Category Archives: bloggers sick day

Don’t Blame The Posers!

I know what some of you are going to think: I partied too hearty listening to The Posers last night.  I did not think I did!  Yes, I had some Chardonnay.  I figured I went to the Legion to hear a band, I should give them a little business, right?  Unfortunately, I had a dreadful headache all day and am taking a Blogger’s Sick Day now.

 

Different summer, different band.

I threw in a picture to make this a Throwback Thursday Post as well as a Blogger’s Sick Day.  Wow.  I almost said Wayback Wednesday.  See how a headache can mess me up?  Anyways, this is the Playin’ Again band, who I enjoyed hearing at Fratello’s Pizzeria in Frankfort a couple of times two summers ago. Regular readers know I usually go to Fratello’s on Wednesday night.  Last night I guess I mixed it up a little.

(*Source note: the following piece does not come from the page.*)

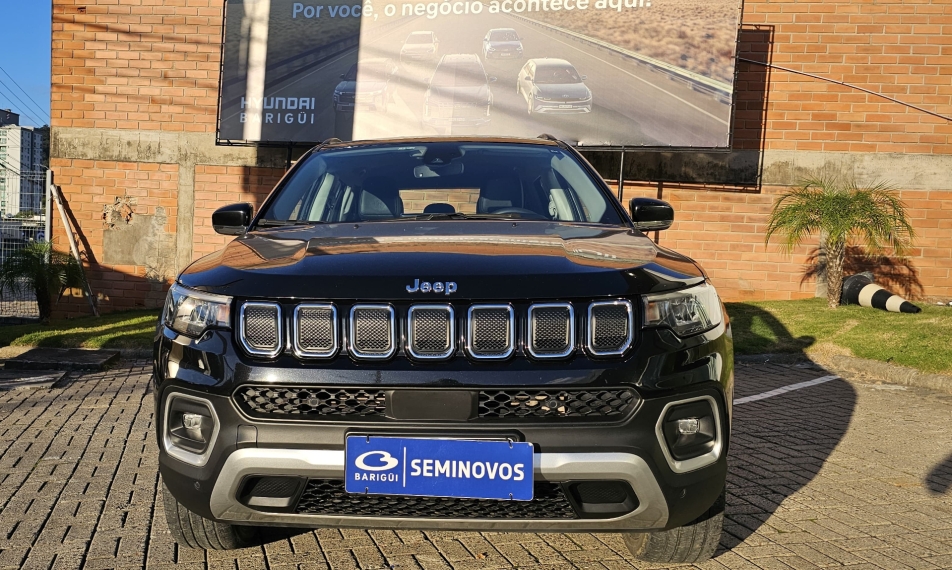 jeep compass 2.0 td350 turbo diesel limited at9 4p automatico 2022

And here are The Posers again.

I close with a shot of The Posers last February at Ilion Elks Lodge.  Now I will take my headache to bed.  I’m sure I will feel better in the morning.

 

What Was I Using My Brain For?

I am taking a Blogger’s Sick Day.  I did not even make it through a full day at work.  I know what some of you are thinking:  that I overindulged at Fratello’s Pizzeria in Frankfort last night and paid the price today.  It’s not true!  I indulged the exact same amount as usual, perhaps a little less than sometimes since I avoided deep fried anything.  I feel most ill-used.

Who could be un-cheered by Tucker?

I thought I would throw in a picture to pep things up, before I was lost in a morass of whining.  This is from September 2018, making this also a Throwback Thursday Post.  It is my friend Tucker as Renwick Spaulding in Donate to Murder,  the character and mystery I referenced on Tuesday, if anybody remembers.

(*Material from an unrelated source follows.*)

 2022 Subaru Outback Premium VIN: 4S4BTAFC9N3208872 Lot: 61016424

I can’t really settle my mind to this post.  It’s my stomach that is doing me dirt.  I can’t help thinking that if I only ate or drank the right thing, I would feel better.  However, if the Ginger Ale I got out of the machine at work didn’t help, I have no great hopes of the food I have in the house.  Uh oh, whining again.  Quick, throw in another picture.

Nice side eye.

Here is a shot from The Brain That Wouldn’t Die,  one of my favorite cheesy horror movies.  My brain would and did.  However, I think the picture also qualifies this as  Non-Sequitur Thursday Post.  Who says I can’t multi-task?

 

What Were We Talking About?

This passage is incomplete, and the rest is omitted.